I am running Windows 7. He is running Windows XP.

I'm still trying to get it working: have used XCopy before, but this time I have tried multiple combinations, tested and researched and searched but I simply cannot get it right.

Can anyone tell me where I'm going wrong?

Background: He downloads talking book files and needs to be able to move them onto a card in a USB drive, so as to be able to listen to them with his Daisy device. (As he's vision challenged, doing it himself is quite difficult). The source path, the directory names and the locations are set and I cannot change them.

Source is a folder on his desktop named 'Vision Australia Downloads'. New books are downloaded into this folder as individual folders with a variable name (say, Janice Joplin) containing a bunch of files for the book. The number of these and titles vary.

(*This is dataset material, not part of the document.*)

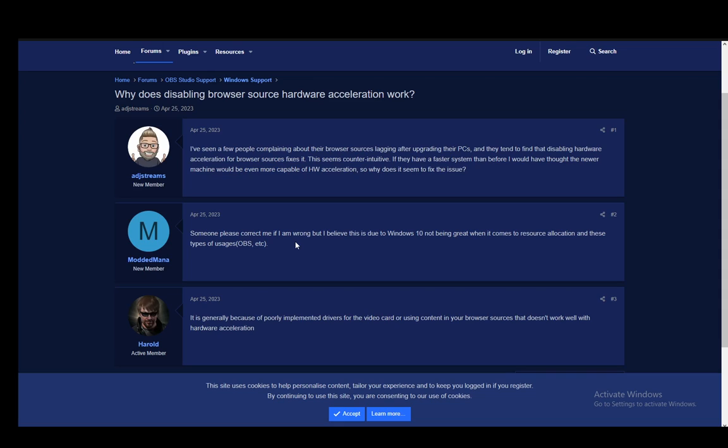Since the update which brought this in has broken some things, as you can see I'm on a forum on OBS Project and I am on this post by this guy ADJ Streams. The question is why does disabling browser source hardware acceleration work?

Destination is L:\$VRDTB (USB slot, and yes the folder has a $ sign as the first character). When he inserts the card into L:, there will be subdirectories under $VRDTB - previous books that need to be removed. Again, number and titles vary.


----------



## foxidrive (Oct 20, 2012)

This should work, but is untested.
The RD /s/q will remove all files and folders.
Xcopy will create the folder by itself.

USB drives can change drive letter so this will detect the existing USB drive by having "\$VRDTB" in the root of the drive. Perhaps that is why your effort failed - the pause at the end will let you see any error messages in case it fails.

If it doesn't copy the files then double check the source path.


```
@echo off
set "USBDRV="
for %%a in (d e f g h i j k l m n o p q r s t u v w x y z) do (
if exist "%%a:\$VRDTB\" set USBDRV=%%a
)
if not defined USBDRV echo THE USB DRIVE WASN'T FOUND & pause&goto :EOF
echo copying books from desktop to Daisy card
RD /s /q "%USBDRV%:\$VRDTB"
xcopy "C:\Documents and settings\Users\Bill\Desktop\Vision Australia Downloads\*" "%USBDRV%:\$VRDTB\" /s /c 
pause
```


----------



## jmbau (Nov 18, 2008)

Thanks for the offer, but that didn't work. This made it treat the USB card/drive as a CD, so something threw up an error message saying there wasn't a disk in the device (whether or not the USB stick was or not). And I continued wiped out ALL files from the USB stick (which I don't want - other folders there have to stay) but didn't copy across any of the new ones. Not quite what I wanted.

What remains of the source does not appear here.